§ **TASK BRIEF**: Only one span of the listing below should come back. It runs from the line with "Loloi Allure Shag" through the line with "Швейцарський годинник Zenith", and each of its lines must be reproduced exactly.

§ **LISTED ENTRIES**:
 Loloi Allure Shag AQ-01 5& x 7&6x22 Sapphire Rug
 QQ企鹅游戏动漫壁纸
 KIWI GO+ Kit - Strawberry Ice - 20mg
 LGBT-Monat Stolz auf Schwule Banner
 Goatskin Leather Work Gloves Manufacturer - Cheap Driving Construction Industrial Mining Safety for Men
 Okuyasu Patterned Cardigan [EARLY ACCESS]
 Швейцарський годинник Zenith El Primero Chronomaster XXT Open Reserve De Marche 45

---

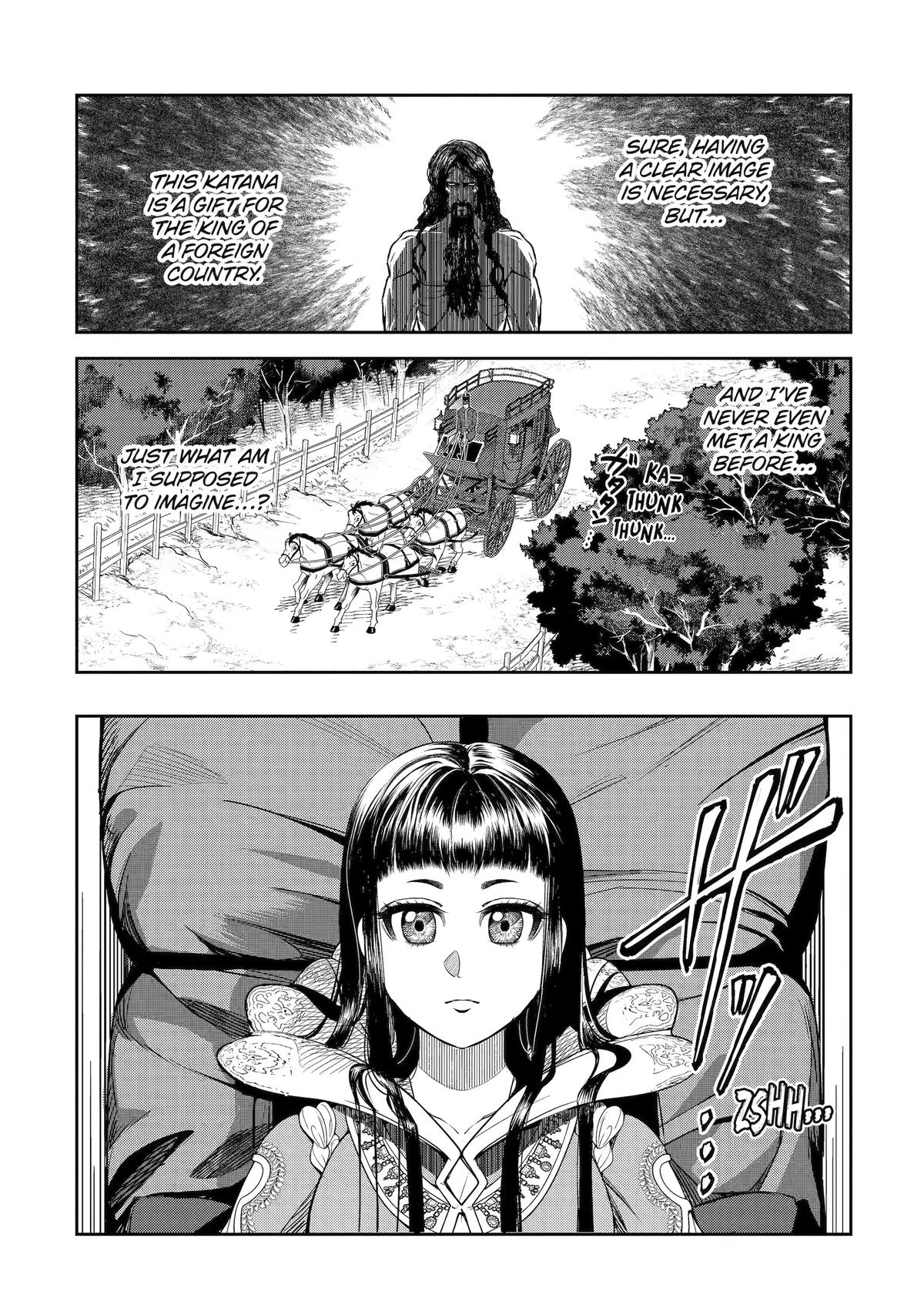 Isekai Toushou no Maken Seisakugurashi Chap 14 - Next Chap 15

...

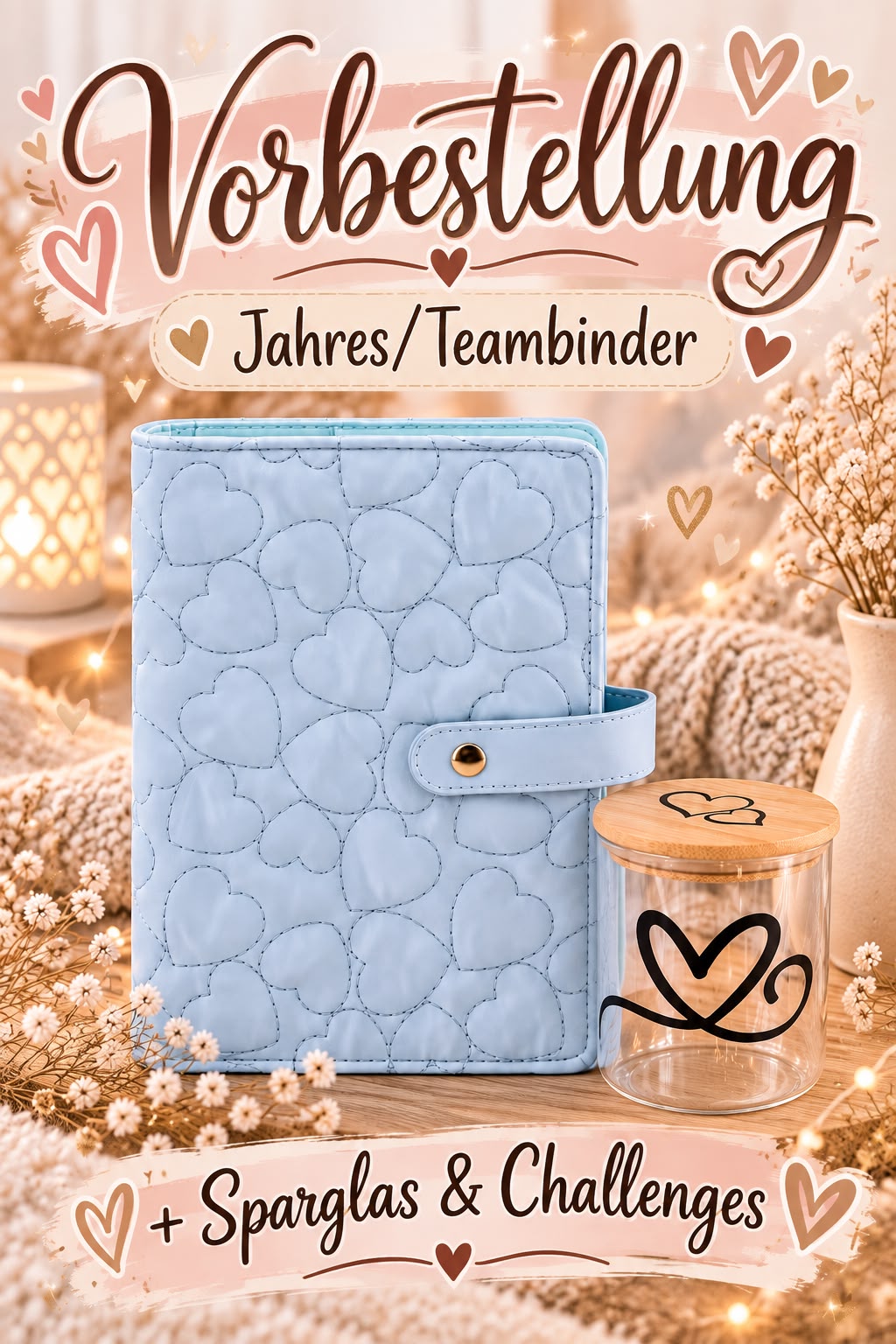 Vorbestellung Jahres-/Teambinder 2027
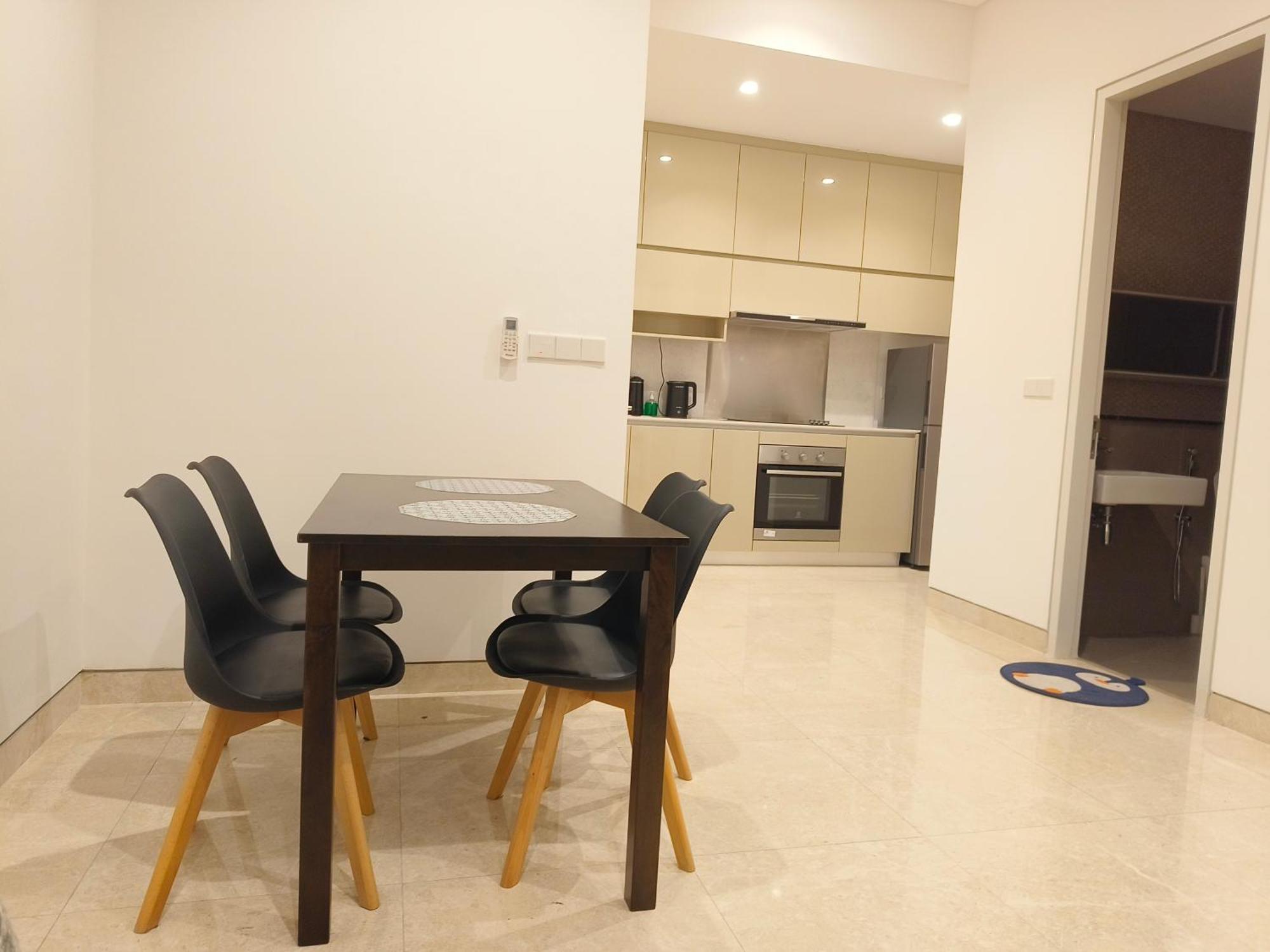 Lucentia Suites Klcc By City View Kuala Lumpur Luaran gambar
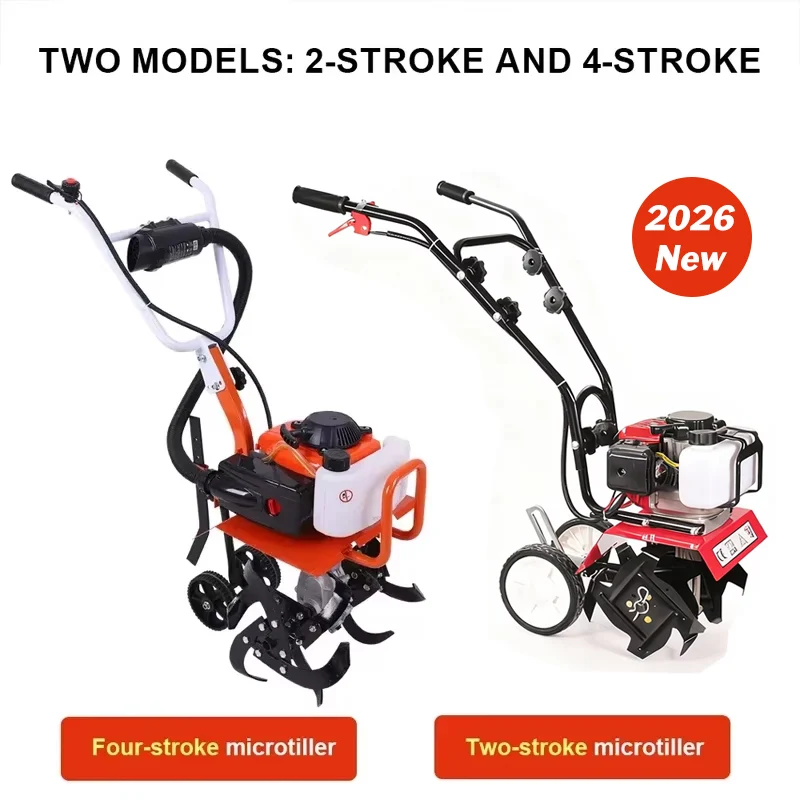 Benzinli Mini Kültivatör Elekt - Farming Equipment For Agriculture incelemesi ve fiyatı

§ **EXPECTED ANSWER**:
 Loloi Allure Shag AQ-01 5& x 7&6x22 Sapphire Rug
 QQ企鹅游戏动漫壁纸
 KIWI GO+ Kit - Strawberry Ice - 20mg
 LGBT-Monat Stolz auf Schwule Banner
 Goatskin Leather Work Gloves Manufacturer - Cheap Driving Construction Industrial Mining Safety for Men
 Okuyasu Patterned Cardigan [EARLY ACCESS]
 Швейцарський годинник Zenith El Primero Chronomaster XXT Open Reserve De Marche 45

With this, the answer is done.